L. Limitations & Edge Cases

6 questions
65
Why does the webcam underperform on corner-located defects?
Three factors (§4.8.3): (1) optical FOV introduces barrel distortion at the image periphery, deforming linear features like scratches; (2) overhead LED panel produces uneven illumination — corners receive less direct light; (3) training corpus had higher density of centrally-positioned defect annotations → annotation bias toward central detection. Mitigation: lens distortion correction, directional side-lighting, corner-defect augmentation (§5.3.1).
66
What happens to accuracy as conveyor speed exceeds 5 cm/s?
Two failure modes (§4.4.1): (1) motion blur reduces YOLOv11 confidence on scratches because linear features smear in the direction of motion; (2) reduced thermal dwell time — the MLX90640 needs multiple frames over the same region to pass the 3-frame persistence rule.
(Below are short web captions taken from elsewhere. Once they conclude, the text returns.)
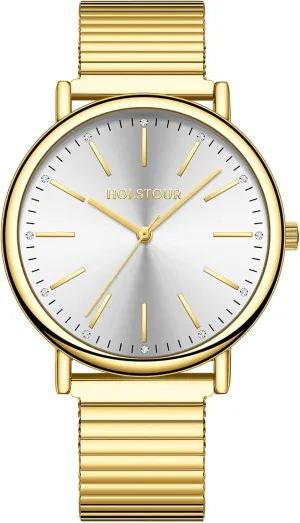 Steel Strap Large Analog Dial Water Resistance Gold Watches resent crippling outbreak ripen anaerobic for Women Easy Reader Watch with Expandable Stainless 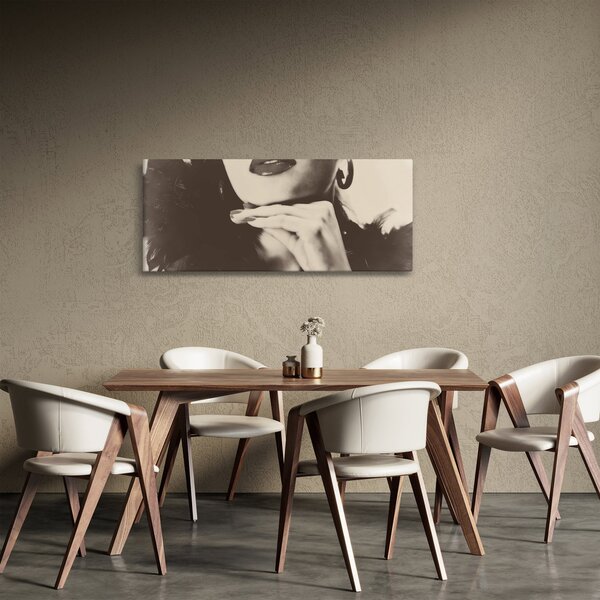 Tablou - Vintage, poza unei femei (120x50 cm)
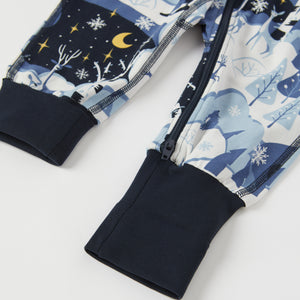 Winter Forest Print Baby Sleepsuit from the Polarn O. Pyret baby collection. Nordic kids clothes made from sustainable sources.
Mitigation now: manual conveyor-stop button. Future: automatic speed adaptation when fused probability falls in POSSIBLE DEFECT range.
67
Why is n=50 test set a real limitation, and what would be statistically robust?
FDR is computed over only 8 Good sheets, so a single false positive moves the metric by 12.5 percentage points (§4.8.1). FDR/MDR not stable at this scale. Recommended: n ≥ 200 with balanced Good/No-Good (~50/50) — brings FDR sensitivity to per-FP increments of ~1%, statistically robust for production claims.
68
What real-factory variables were not simulated in your testbed?
§4.8.2: variable ambient lighting, temperature fluctuations affecting thermal baseline, mechanical vibration shifting sensor alignment, dust or oil contamination obscuring/mimicking defects, production speeds above 5 cm/s. §5.3.2 recommends site-specific re-evaluation with recalibration of thermal EMA baseline and soft voting weights before any production deployment.
69
Why might the thermal modality outperform vision on subsurface dents?
Subsurface dents may not produce a strong visible boundary or shadow under overhead LED illumination, so YOLOv11 doesn't see them. But they change local heat-conduction profile — under steady thermal load, the dented area equilibrates to a slightly different temperature than surrounding material. The MLX90640 sees that delta and Equation 8 flags it. This is exactly the case the soft voting ensemble was designed to catch.
70
"Why can't your system detect other defects like pitting or oxide scale?" — what's your answer?
Honest answer: because we didn't train it on those classes. The KENSA dataset has zero annotated examples of pitting, rolled-in scale, laminar cracks, oxide streaks, or edge seam defects (§4.8.4). The model would either miss them or misclassify them as scratches/dents. Explicit scope limitation, not a design failure — the architecture (YOLOv11 + thermal fusion) generalizes to additional classes; the dataset just needs expansion + retraining.